Nel caso analizzato, la penale ha ad oggetto il pagamento di una somma di denaro  pari  al  10%  dell’importo  per  il  quale  i  termini  di  pagamento  non  risultano  rispettati;  quindi, la clausola è utilizzata in funzione sanzionatoria del ritardo nell’adempimento  del committente. Il meccanismo previsto dalla penale scatta, in questo caso, quando il  ritardo nel pagamento eccede i 60 giorni dal termine convenuto.    2.15. Recesso   

 Tutti  i  contratti  esaminati  contengono,  invece,  una  disciplina  del  recesso.  Nella  quasi totalità dei casi si tratta di recesso ad nutum, per cui a ciascuna parte è attribuito  il diritto di recedere liberamente ed in qualsiasi momento dando un preavviso all’altra,  la  cui  scadenza  è  rapportata  alla  durata  del  contratto  stesso.  In  tal  caso,  la  clausola  prevede  che  al  ricercatore  spetti  comunque  il  rimborso  delle  spese  sostenute  per  le  ricerche effettuate sino al momento del recesso.  
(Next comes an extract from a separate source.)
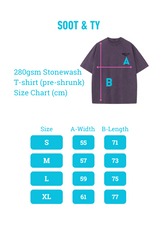 Soot and Ty BD Map Print Relaxed Fit Stonewash T-shirt Pink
In un solo caso, invece, è previsto il recesso per giusta causa ed anche in tale ipotesi  il  corrispettivo  dovuto  al  ricercatore  è  sempre  proporzionale  alle  attività  svolte  sino  alla data di operatività del recesso. 

Da un’analisi dei modelli esaminati, è possibile osservare tuttavia come la disciplina  contrattuale  del  recesso  sia  più  frequente  di  quella  della  risoluzione.  Come  già  anticipato,  però,  non  si  rinvengono  nella  giurisprudenza  controversie  in  materia  di  risoluzione e recesso, e questo è segno evidente che le parti preferiscono gestire i loro  rapporti evitando un intervento del giudice.